Galen Rowell – Personal Life
Born in Oakland and raised in Berkeley, California, to a college professor and a concert cellist, Galen was introduced to wilderness before he could walk. He began climbing mountains at the age of ten on Sierra Club outings, and at sixteen made his first roped climbs in Yosemite Valley. Over the next fifteen years, he logged more than a hundred first ascents of new routes there and in the High Sierra backcountry. Rowell dropped out of college at Berkeley and worked instead as a mechanic to fund his climbing. Taking photographs began as a way to share his high and wild world with friends and family. In 1972 he became a full-time photographer after selling his small automotive business. Less than a year later he did his first major magazine assignment – a cover story for National Geographic. In 1984 he received the Ansel Adams Award for his contributions to the art of wilderness photography. In 1992 Galen received a National Science Foundation Artists and Writers Grant to photograph Antarctica. Rowell eventually visited all seven continents, producing a substantial portfolio reproduced in articles and books of both polar regions, the Himalayas – in particular Tibet – and South America. In the last twenty years of his life, Galen made over thirty-five journeys to the mountains of Nepal, India, Pakistan, China, Tibet, Africa, Alaska, Canada, Siberia, New Zealand, Norway, and Patagonia. Besides participating in major expeditions to Mount Everest, K2 and Gasherbrum II (not to the summit), he made the first one-day ascents of Mount McKinley in Alaska and Mount Kilimanjaro in Africa as well as first ascents of Himalayan peaks such as Cholatse and the Great Trango Tower. He also made the highest complete ascent and descent of a mountain on skis on Mustagh Ata (24,757 feet), as well as a 285-mile winter traverse of the Karakoram Himalaya.

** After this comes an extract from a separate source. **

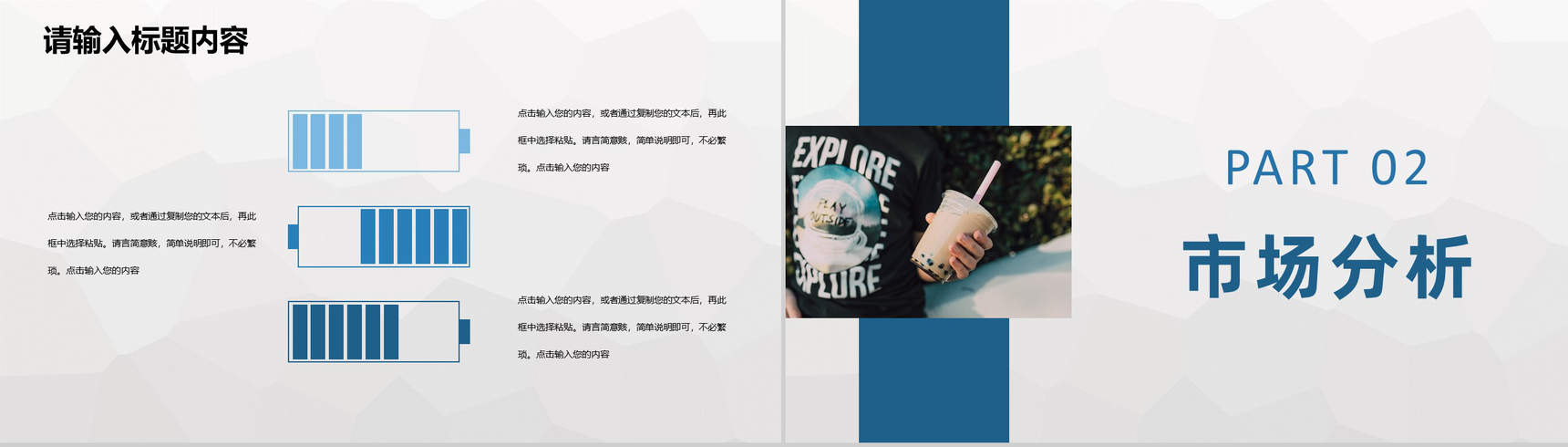 奶茶店饮品活动宣传奶茶连锁店创业营销推广方案PPT模板-4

In 2001, after numerous successful climbs and photographs taken, and just a year before his tragic death, Galen Rowell formulated his Artist Statement, where he explained his approach to climbing, photography, and life in general. This is an excerpt taken from that statement: “My interest in photography did not begin with a burning desire to see the world through a camera. It evolved through an intense devotion to wilderness that eventually shaped all parts of my life and brought them together. I began to express this devotion in a physical way through climbing and hiking, and in words through lectures and articles. Photography was a means of visual expression to communicate what I had seen to people who weren’t there. At first I was disturbed that 99 percent of my images didn’t look as good as what I had seen. The other one percent, however, contained some element–a beam of light, a texture, a reflection–that looked more powerful on film than to my eye. Without this I never would have been drawn toward photography as a career. I became fascinated with trying to consistently combine photographic vision and a visualization in my mind’s eye to make images that exceeded the normal perception before my eyes. Although I plan to continue traveling to and photographing exotic places indefinitely, I have a confession to make. I’ve known all along that more of what I am seeking in the wilds is right here in my home state of California than anywhere else on earth. But there’s a ‘Catch-22.’ I couldn’t say it with authority until I had all those journeys to Tibet, Nepal, Pakistan, China, South America, Antarctica, and Alaska behind me.”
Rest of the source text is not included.